Swissair: The Unlawful Group?
The commercial court comments on several important aspects of liability under corporate law. The group structure of the SAir Group was one significant point of contention: the claimant asserted that the controlled company was not a financially independent legal entity, but was managed as an incorporated business unit of the group.
The commercial court is of a different view: it holds that as a result of the integration of the controlled company into the group, the parent company became inevitably entitled to the uniform management. According to the prevailing doctrine this “entitlement to uniform management” obviously conflicts with the independence of the controlled company. It is in the very nature of a group of companies that important tasks of the board of directors of the controlled company are, due to the integration into the group, carried out at the group level (i.e., by the parent company). This applies in particular to financial responsibilities that are usually performed by the group management. As a consequence, financial responsibilities of the board of directors of the controlled company are to a large extent withdrawn. In the present case, thus, the group management had performed the financial responsibilities at group level in the context of the existing group of companies; this was not contrary to the law.
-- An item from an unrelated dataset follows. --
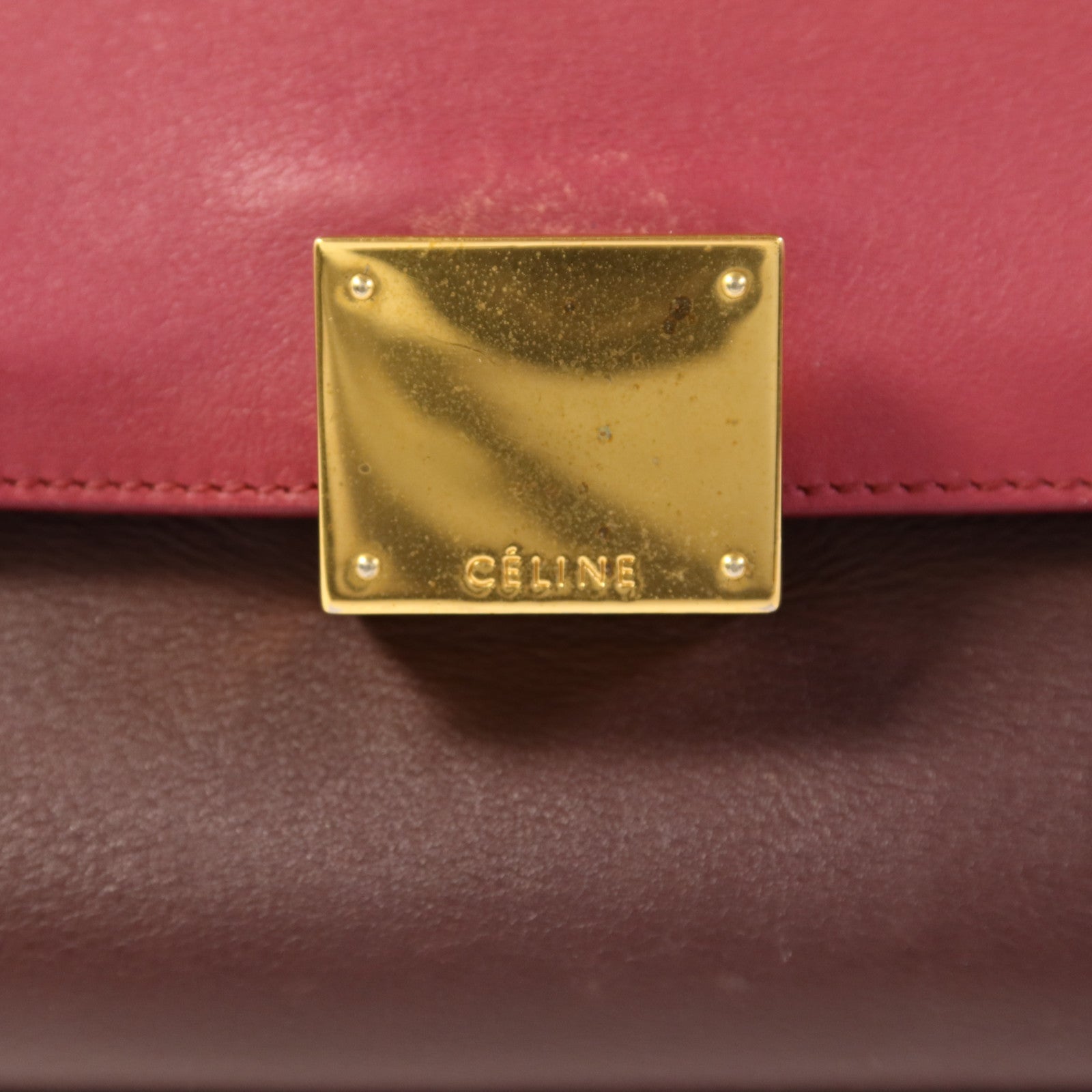 CELINE 牛皮皮革Trapeze金扣手挽肩背兩用袋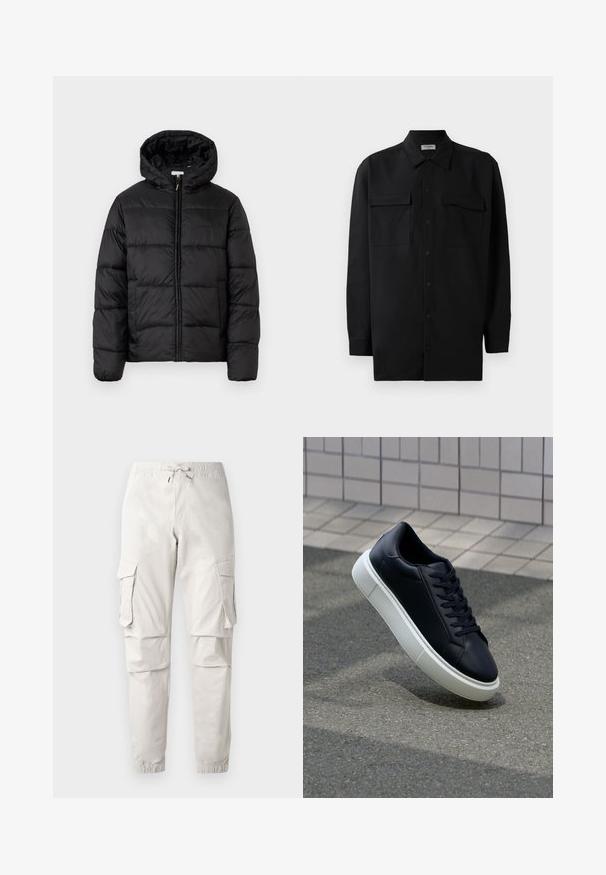 Casaco puffer preto com capuz, apresentando painéis acolchoados horizontais, fecho com zíper na frente e uma textura suave e brilhante.; Camisa preta de botão, feita de um tecido suave, com golas clássicas, dois bolsos frontais e mangas longas com punhos abotoados.; Calças cargo bege claro com cintura elástica, cordão, bolsos laterais e punhos ajustados. Feitas de um tecido leve e suave.; Sapatilha de couro preto com bico arredondado e sola de borracha branca. Apresenta atacadores planos e costuras mínimas na parte superior. Sola texturizada para melhor aderência.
Transfer of Financial Responsibilities
According to the commercial court, the financial responsibilities were not unlawfully transferred, either: according to the legal doctrine, and in line with the case law of the courts in Zurich, a limitation of the responsibilities at the level of the controlled company resulting from the assumption of responsibilities by the parent company is permitted so long as certain financial residual responsibilities remain with the controlled company (ensuring the solvency of the controlled company and its compliance with provisions regarding protection of the capital). These requirements for a lawful group organisation have to be met not only when the cash pool is established and the fixed deposit loans are granted, but also during the time of its operation and while fixed deposit loans are maintained. Hence, in order to perform the aforementioned residual responsibilities with due care, the board of directors of the controlled company is, within its financial responsibilities, obliged to continuously monitor and supervise the financial transactions.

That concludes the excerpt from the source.